Бросается в глаза принципиальное отличие мировоззрения Пиндара от взглядов Гесиода, Солона или Симонида, и они верили во всемогущество богов, но считали человека способным найти ту линию поведения, которая должна обеспечить ему их благосклонность: честный труд, отказ от сутяжничества и позорных помыслов, справедливая и благочестивая жизнь. Пиндар далек от каких бы то ни было попыток этического объяснения человеческой доли: подобно тому как пашня и цветущее дерево не каждый год дают урожай, так чередование удач и бедствий составляет закон существования рода человеческого, закон, действие которого не зависит от поведения самого человека. Иное дело, что собственные усилия смертного могут совпасть с благоприятным для него поворотом судьбы; в этом случае он одерживает победу, прославляющую не только его самого, но и весь его род. Для достижения успеха нужна постоянная закалка и тренировка физических возможностей человека; однако бесполезно ожидать победы тому, кто от природы не наделен доблестью: никакое обучение не может заменить врожденных свойств. Наконец, удача не дает человеку права возомнить себя равным божеству; подобные попытки всегда кончались гибелью надменных гордецов, и Пиндар иногда считает полезным напомнить счастливцу о необходимости соблюдать меру, чтобы обезопасить его от завистливого взгляда богов.

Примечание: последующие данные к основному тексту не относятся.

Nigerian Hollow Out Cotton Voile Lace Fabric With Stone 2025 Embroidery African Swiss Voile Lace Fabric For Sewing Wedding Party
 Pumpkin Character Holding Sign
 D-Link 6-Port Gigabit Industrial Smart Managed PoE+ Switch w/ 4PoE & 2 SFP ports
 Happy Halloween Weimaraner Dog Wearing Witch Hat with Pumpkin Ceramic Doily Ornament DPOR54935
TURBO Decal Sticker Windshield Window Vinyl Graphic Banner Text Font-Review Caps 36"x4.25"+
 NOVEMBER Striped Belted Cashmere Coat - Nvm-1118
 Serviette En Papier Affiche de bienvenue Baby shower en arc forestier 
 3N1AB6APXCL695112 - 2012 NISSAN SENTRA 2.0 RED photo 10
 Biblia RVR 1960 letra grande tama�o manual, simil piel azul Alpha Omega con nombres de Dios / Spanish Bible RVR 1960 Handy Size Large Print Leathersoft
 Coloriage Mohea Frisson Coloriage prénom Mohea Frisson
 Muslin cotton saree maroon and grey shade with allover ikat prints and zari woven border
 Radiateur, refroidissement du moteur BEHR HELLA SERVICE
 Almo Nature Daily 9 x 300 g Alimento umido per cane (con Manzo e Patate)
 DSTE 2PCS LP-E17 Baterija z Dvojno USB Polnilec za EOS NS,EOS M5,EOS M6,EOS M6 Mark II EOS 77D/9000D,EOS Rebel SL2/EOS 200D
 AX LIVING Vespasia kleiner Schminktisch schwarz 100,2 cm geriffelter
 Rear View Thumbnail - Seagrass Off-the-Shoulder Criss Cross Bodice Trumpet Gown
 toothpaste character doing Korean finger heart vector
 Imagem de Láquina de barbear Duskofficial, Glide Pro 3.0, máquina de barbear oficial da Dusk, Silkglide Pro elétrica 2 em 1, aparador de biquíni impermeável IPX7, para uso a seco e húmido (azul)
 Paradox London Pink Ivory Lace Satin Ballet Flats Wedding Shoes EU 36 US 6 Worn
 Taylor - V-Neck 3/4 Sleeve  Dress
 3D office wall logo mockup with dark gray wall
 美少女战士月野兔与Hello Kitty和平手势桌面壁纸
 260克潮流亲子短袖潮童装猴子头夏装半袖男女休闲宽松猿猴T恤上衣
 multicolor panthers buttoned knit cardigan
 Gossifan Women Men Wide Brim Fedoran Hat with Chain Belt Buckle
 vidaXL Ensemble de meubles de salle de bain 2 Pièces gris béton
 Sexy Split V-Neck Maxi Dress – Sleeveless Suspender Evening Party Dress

В жанре эпиникия мировоззрение Пиндара нашло наиболее адекватную форму для художественного выражения. Три момента определяют содержание и построение пиндаровской оды: самый факт победы, в котором поэт видит проявление доблести и достоинств, искони присущих роду или городу победителя; миф, вспоминающий его благородное происхождение, подвиги предков, или содержащий — в порядке назидания — урок наказания человеческого высокомерия; этические сентенции, заключающие либо отдельные разделы, либо оду в целом. Нередко к этим трем элементам присоединяется четвертый — высказывание поэта о себе и поэтическом искусстве, которое он оценивает чрезвычайно высоко: только дар певца сохраняет в поколениях славу героев, и без Гомера никто не знал бы об Ахилле. При этом строгая последовательность в развитии мысли или логическая закономерность в присоединении друг к другу отдельных частей эпиникия никогда не является предметом заботы Пиндара: в его художественном мышлении несомненна наклонность к ассоциативности, символической насыщенности образов (например, золота, воды), затрудняющая понимание непосредственной связи между стоящими рядом членами. Однако при всей силе поэтического вдохновения, владеющего Пиндаром, его эпиникий проникнут определенным «единством измерения»: сообщение о победе и древний миф, ходячая мудрость и собственные высказывания поэта — все они соотносятся с тем представлением о мире высших нравственных ценностей, которые составляют основу его миросозерцания.